1

I have a service in AWS which scales automatically between a small number of EC2 instances (let's say 4) and a larger number (dozens).
When the service is running on a small number of instances, it looks like it would make perfect sense to use Spread Placement Group to make sure these instances do not end up on the same rack. However, Spread Placement Group is currently limited to 7 instances per region, which seems to be an issue when scaling out.

What would be the best way to combine Spread Placement Group for running small number of instances with autoscaling to large numbers of instances?

One idea is to create two ASGs, one for the minimum number of instances I want to run in Spread Placement Gruop and one ASG which would scale from 0 to dozens of instances and would run them outside of Placement Group. This does seem complicated. Is there a simpler way to do it?

Andrew
  • 2,663
  • 6
  • 28
  • 50

1 Answers1

0

The use case for a spread placement group is:

"critical instances that should be kept separate from each other. ... a spread placement group reduces the risk of simultaneous failures that might occur when instances share the same racks."

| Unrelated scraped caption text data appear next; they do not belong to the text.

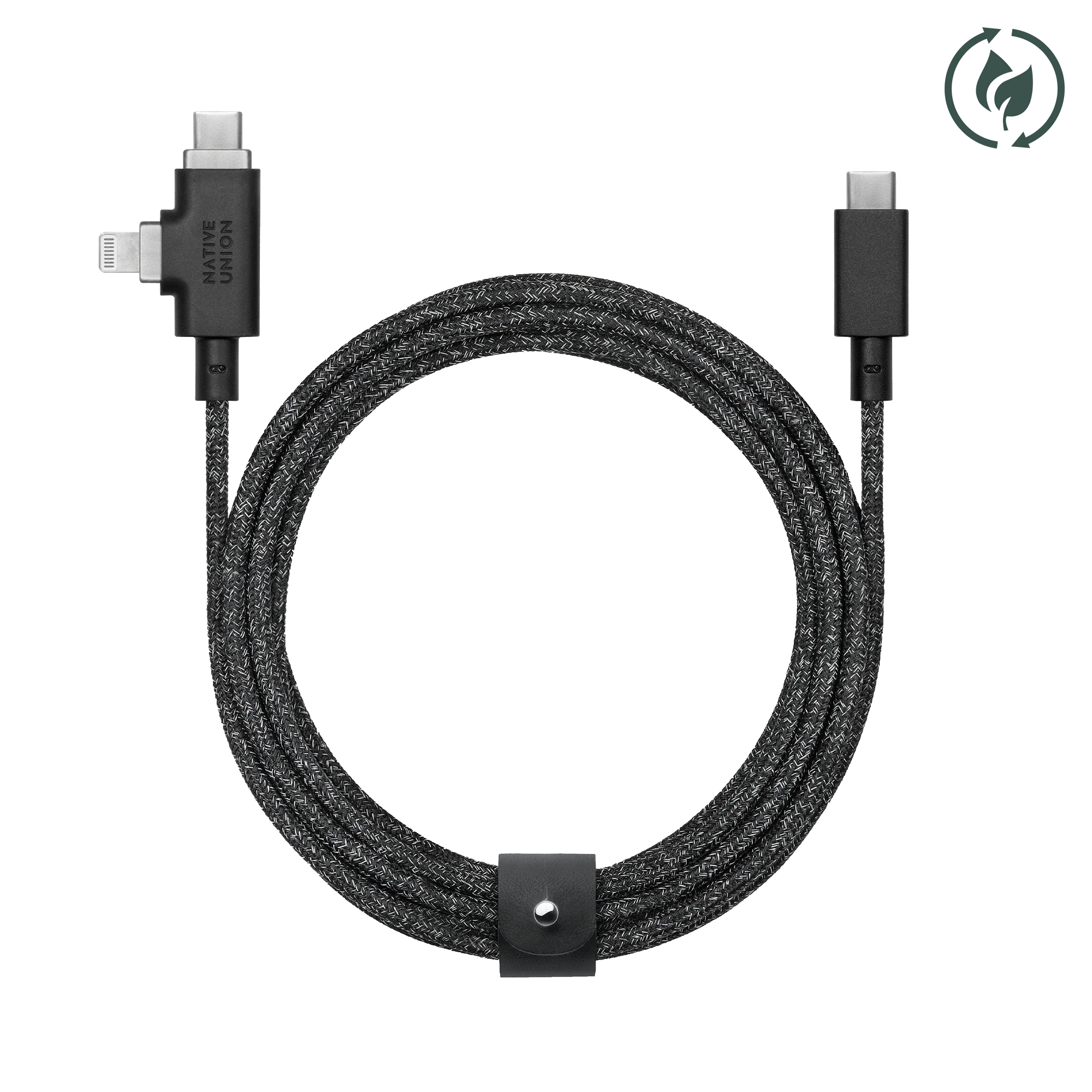 Belt Cable Duo Pro 240W (USB-C to USB-C & Lightning)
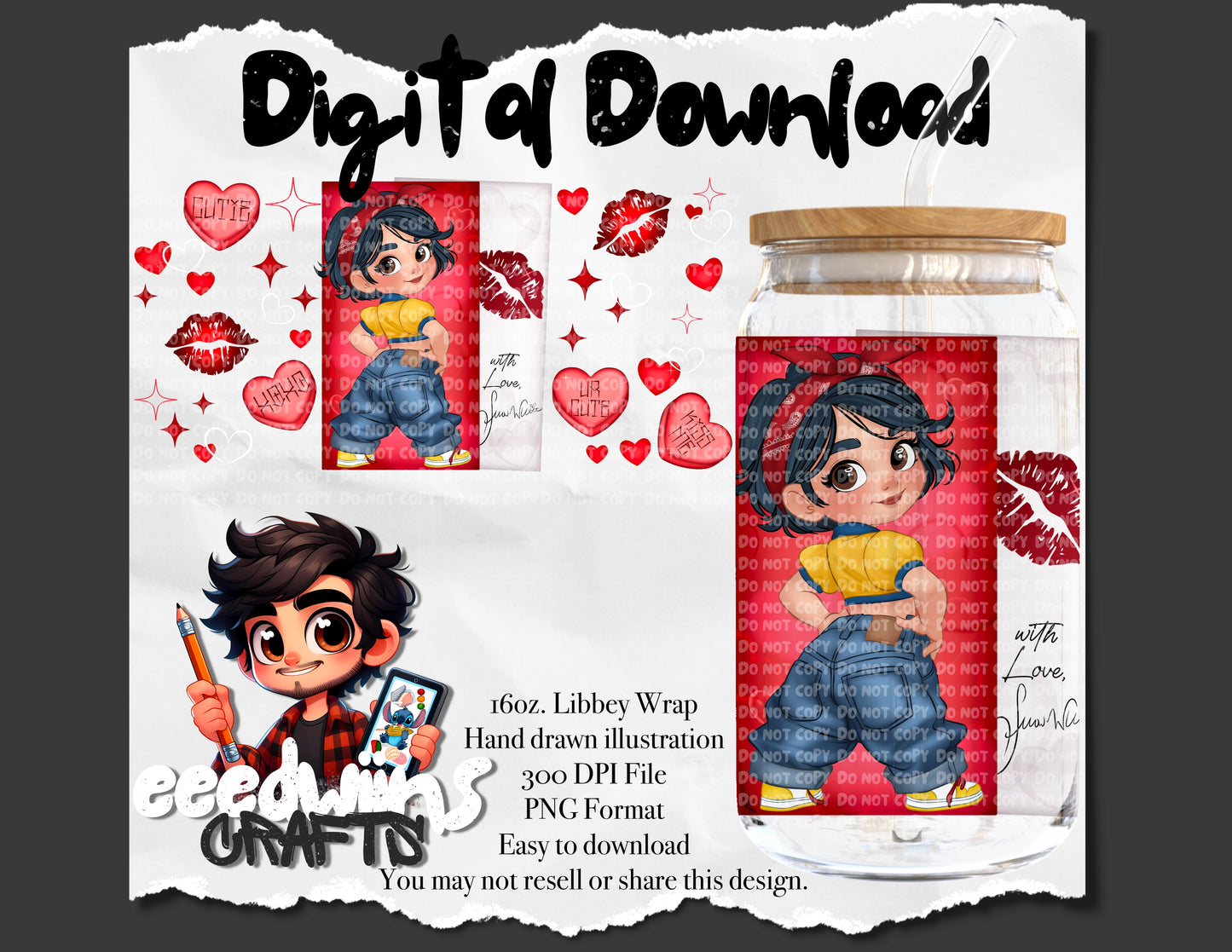 16OZ DIGITAL DESIGN - 501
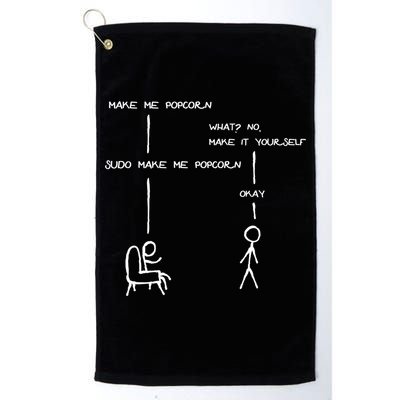 Sudo Make Me Popcorn - Funny Programming Jokes Golf Towel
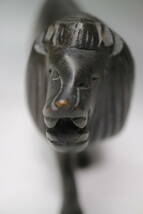 アフリカ 黒檀 木彫り ライオン ハンドメイド 置物 彫刻 オブジェ 獅子_画像3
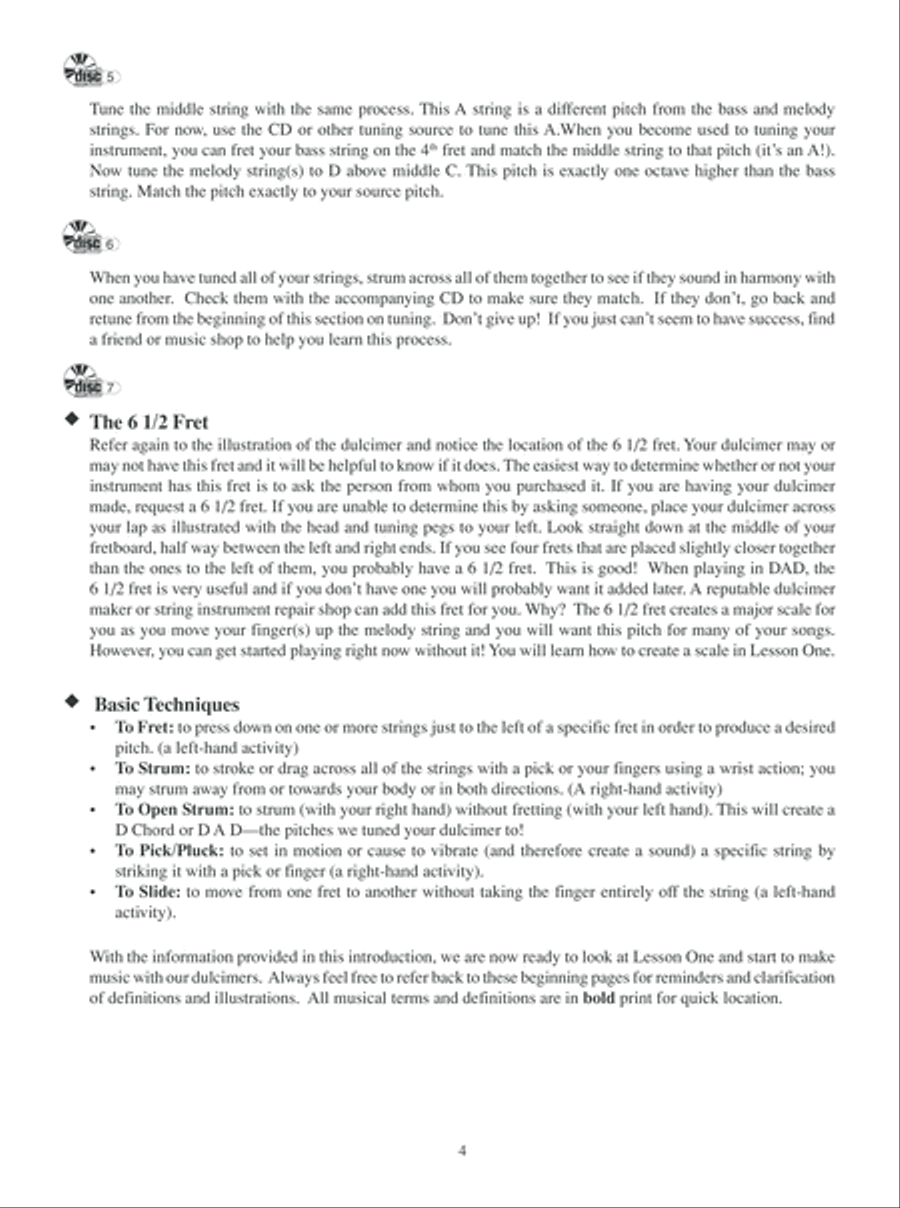 First Lessons Dulcimer Dulcimer scores gallery preview page 5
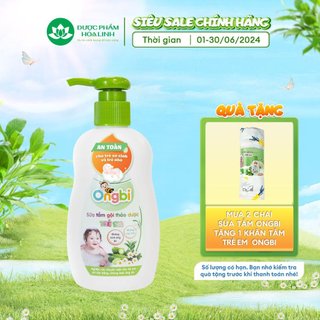 Sữa tắm gội thảo dược trẻ em Ongbi 200ml - An toàn cho trẻ sơ sinh và trẻ nhỏ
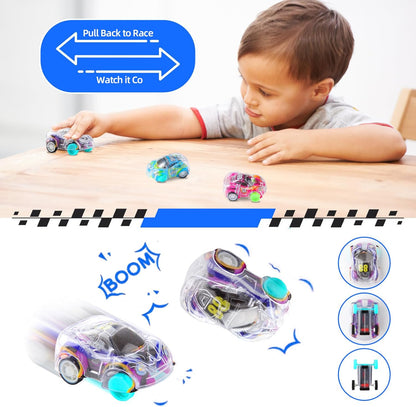 Skiennix Mini Pull Back Cars Set - 50 Racing Vehicles for Kids | Perfect Party Favors & Goodie Bag Stuffers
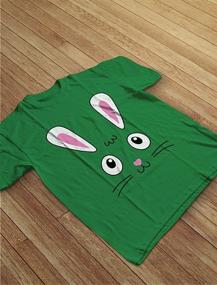 img 2 attached to 🐰 Cute Holiday Toddler Kids T-Shirt - Little Easter Bunny Face Tee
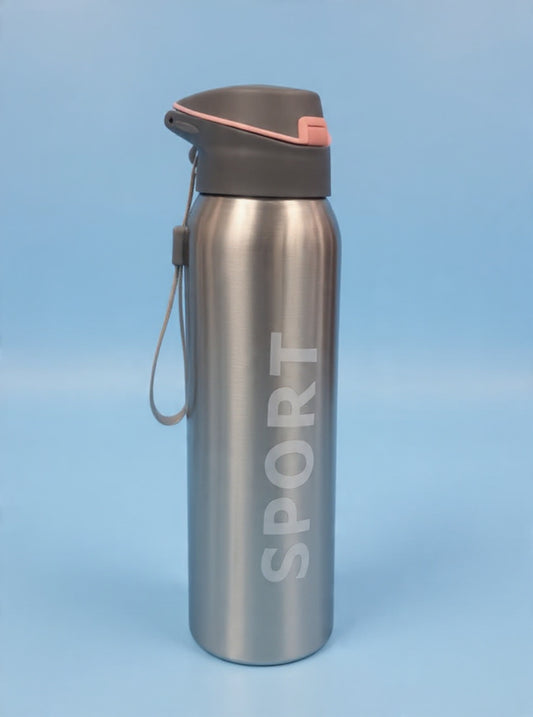 Imported 600ml / 800ml /  MSZM Original High Quality Hot and Cold Vaccum Insulated Water Bottle with Straw Large Capacity Stainless Steel Insulated Tumbler with Straw Sipper Water Bottle for School Kids and Girls Boys and Gym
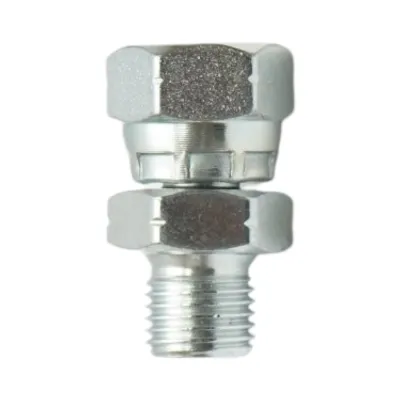 Adaptor armatura drept DKR-AGJ 1/4 filet exterior - filet interior - imagine 2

But wouldn't an Auto Scaling Group spread over several AZs also achieve a similar end, without the constraints of a placement group? If the answer is no, then it would be interesting to understand the characteristics of the app that make it so.

There is a fundamental problem mixing an auto scaling group with a placement group (cluster or spread), in that the auto scaling group might not be able to launch an instance; either because there is no capacity (cluster) or the limit of 7 has been hit (spread).

You had two questions: What is the best way? Is there a simpler way to do it?

The best way is probably a multi-AZ ASG. And that would be simplest too. But there is also the Partition placement group, which is a mixture of cluster and spread. If that fits your application?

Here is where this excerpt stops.